Word for word, copy the entire listing below, but do not carry over any pictures.

===

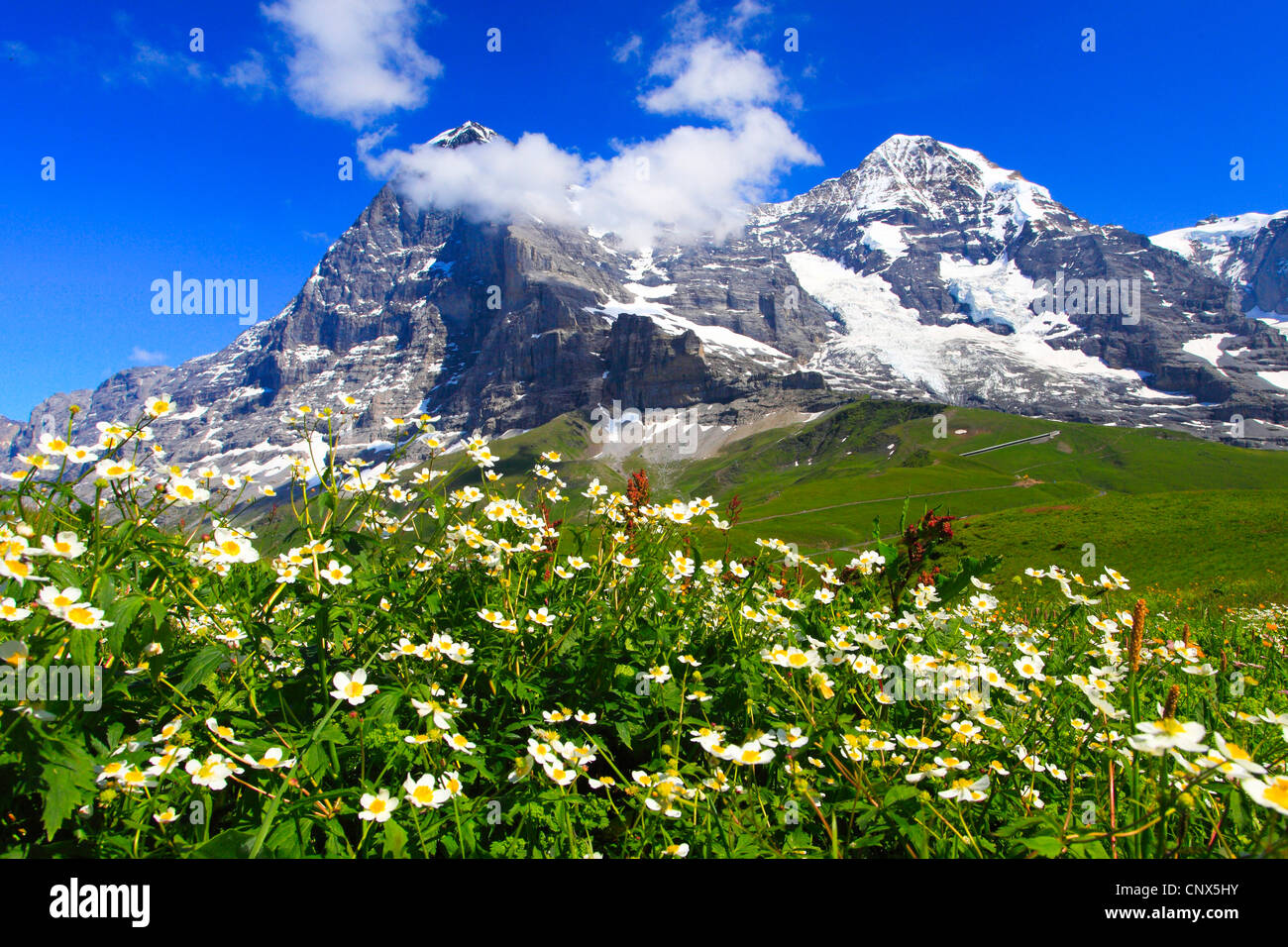 Aconite-leaf buttercup (Ranunculus aconitifolius), blooming in front of Eiger and Moench, Switzerland, Bernese Oberland Stock Photo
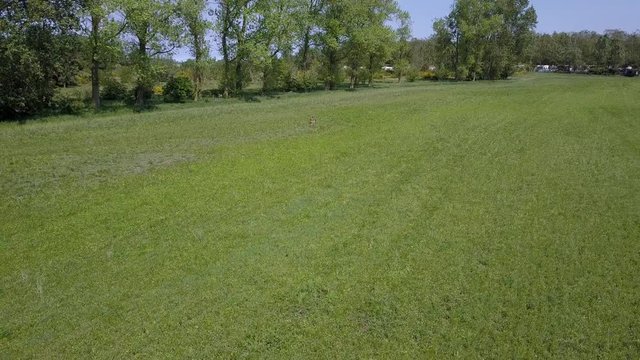 Bodden reh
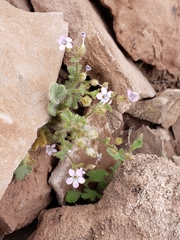 Gilia scopulorum
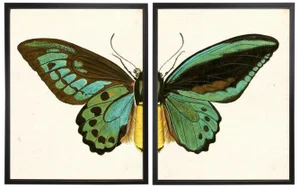 Split Turquoise Butterfly Prints in Copper & Black Shadowboxes 46"x29" - a Pair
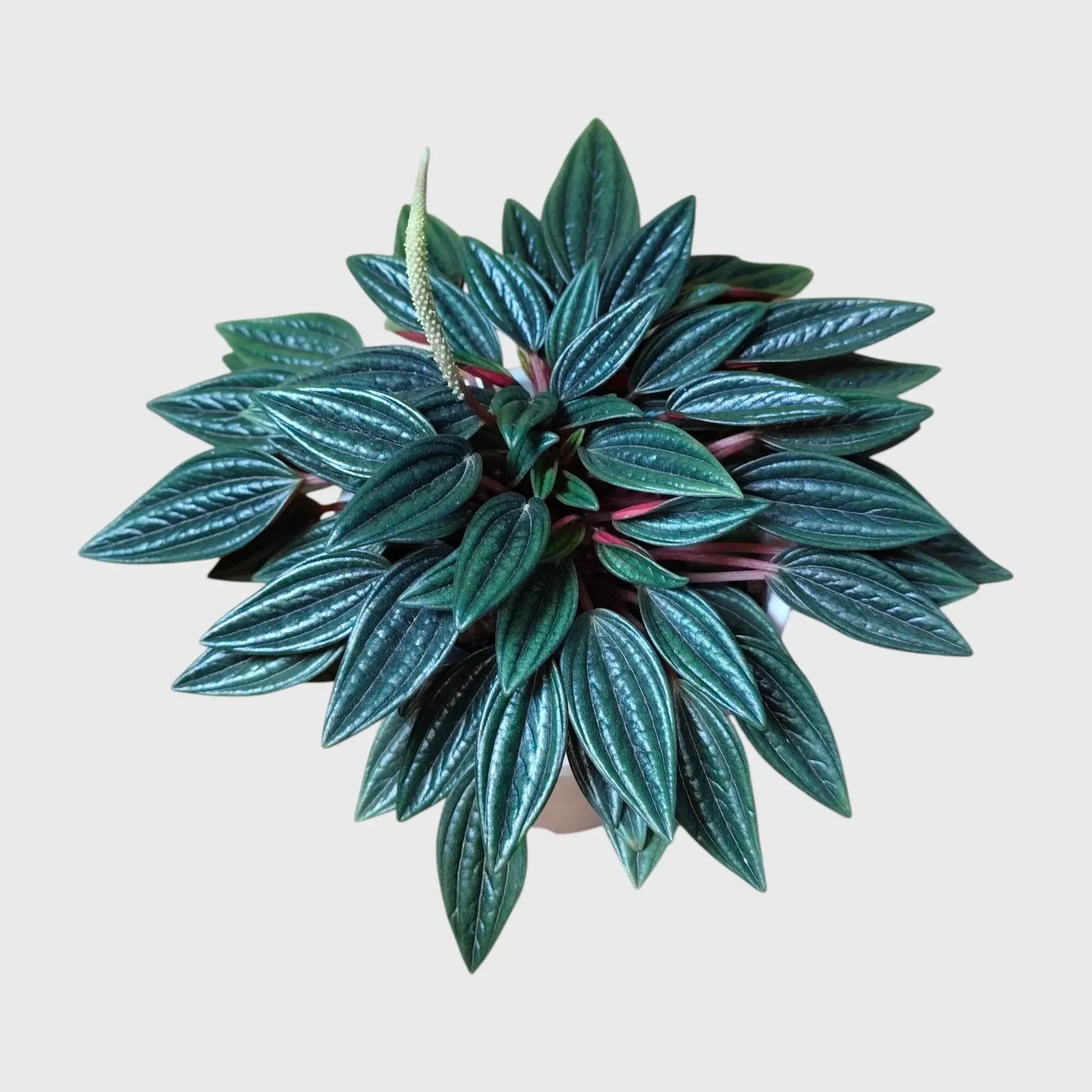 Succulent Plant Combo Set of 9 – Colorful Rare Bare-Rooted Succulents with Free Shipping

===

▸ **Output**:
 Aconite-leaf buttercup (Ranunculus aconitifolius), blooming in front of Eiger and Moench, Switzerland, Bernese Oberland Stock Photo
 Bodden reh
 Gilia scopulorum
 Split Turquoise Butterfly Prints in Copper & Black Shadowboxes 46"x29" - a Pair
 Succulent Plant Combo Set of 9 – Colorful Rare Bare-Rooted Succulents with Free Shipping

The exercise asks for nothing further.